I’ve never really seen it that way. The challenge is that many organisations treat sustainability as something they bolt onto an existing operating model. If you do that, it will often feel like additional cost and complexity. But if you take a step back and ask a simpler question - if we were designing this business today, what would the smartest and most efficient model look like - the answer is often both more commercial and more sustainable. 

Reducing waste, improving logistics, optimising energy use and eliminating unnecessary activity all tend to improve both environmental and financial performance. 

"There is nothing mutually exclusive about making money and doing good." That’s one of the biggest misconceptions in this space. In many cases, sustainability isn’t about trade-offs - it’s about better design. 

What do you think businesses still get wrong when it comes to sustainability? 

A lot of organisations get stuck trying to be perfect. They focus on what they can’t immediately solve, rather than what they can improve right now. That leads to paralysis. 

My view is much simpler: "Can we be better tomorrow than we are today?" 

If the answer is yes, start there. 

Progress comes from consistent, incremental improvement - not from waiting until everything is fully figured out. 

Businesses don’t need to have all the answers before they begin. They simply need the willingness to take the next step. 

 

Looking ahead, how do you see sustainability evolving for businesses? 

I think it becomes more important, not less. You’re already seeing pressure from customers, employees and investors shift in that direction. Over time, that will only increase. 

But the organisations that succeed won’t be the ones treating sustainability as a separate initiative. It will be those that embed it into how they operate, how they make decisions and how they create value. The strongest businesses don’t separate commercial performance and sustainability. They design them to reinforce each other. 

Ultimately, sustainability is not simply an environmental issue - it’s a business issue, a leadership issue and, increasingly, a human issue. The organisations that recognise that earliest will be best positioned for the future. 

 

What’s one thing leaders should stop doing and one thing they should start doing? 

Stop waiting. Stop waiting for perfect conditions, more data, more incentives, or external permission. 

Start somewhere. Build knowledge, develop capability, learn as you go, and keep moving forward. Most meaningful change starts with action, not certainty. 

And one resource I would strongly recommend to businesses at any stage of their sustainability journey is The Carbon Literacy Project. I worked closely with the organisation during my time at SYNETIQ and saw first-hand the impact it can have in helping individuals and businesses better understand sustainability and climate-related challenges. The programme provides practical, accessible learning that helps people connect sustainability to their everyday decisions, both at work and at home. For organisations looking to build knowledge, engage employees and create momentum, it’s an excellent place to start. 

 

Across the conversation, one theme consistently emerges: sustainability and commercial success are not competing agendas. 

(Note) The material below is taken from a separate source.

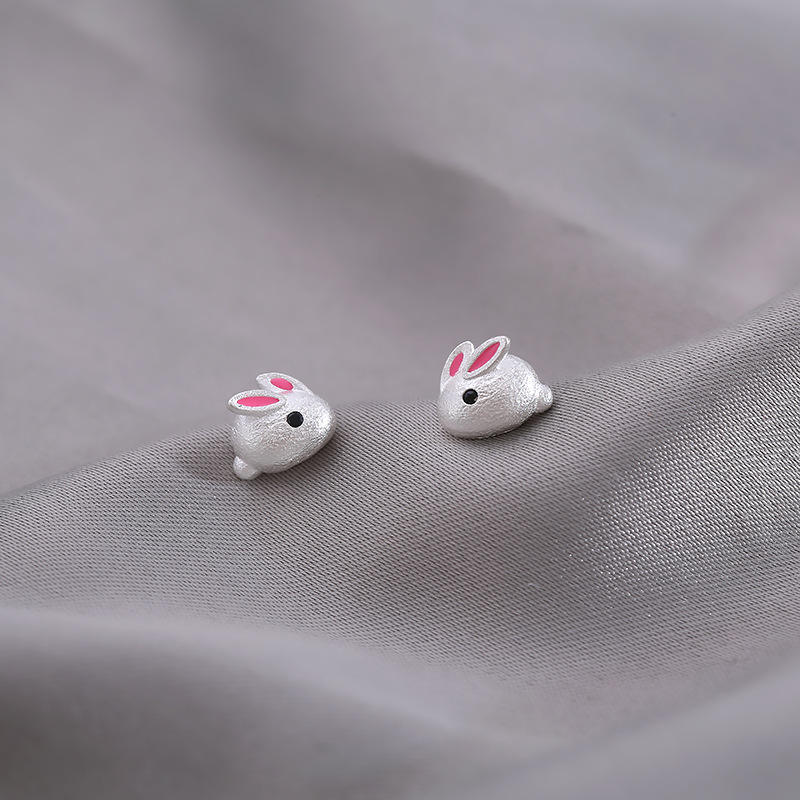 Cute Animal Small  Three-dimensional Rabbit Earrings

Tom’s perspective is shaped by years of experience leading organisations through growth, integration, and change. Rather than viewing sustainability as an external obligation, he sees it as part of designing better businesses - more efficient, more resilient, and better aligned with long-term value creation. 

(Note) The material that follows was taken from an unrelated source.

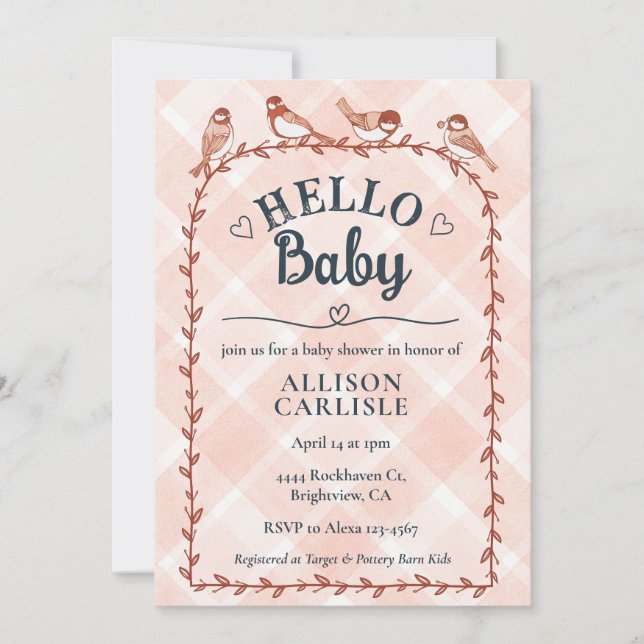 Invitación 011 Terracotta Watercolor Gingham Bird Baby Shower (Anverso)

Throughout our discussion, he repeatedly returned to the importance of education, awareness, and action. Whether through formal initiatives such as carbon literacy training, operational improvements, or simply encouraging employees to think differently about the impact of their decisions, his belief is that meaningful progress starts with understanding and engagement. 

For leaders navigating increasing complexity and competing priorities, his message is deliberately simple: Don’t wait for perfect. Start making progress. 

 

Further Resource 

For businesses looking to build sustainability awareness across their workforce, Tom recommends exploring the work of The Carbon Literacy Project and the practical learning programmes it provides for organisations and individuals alike.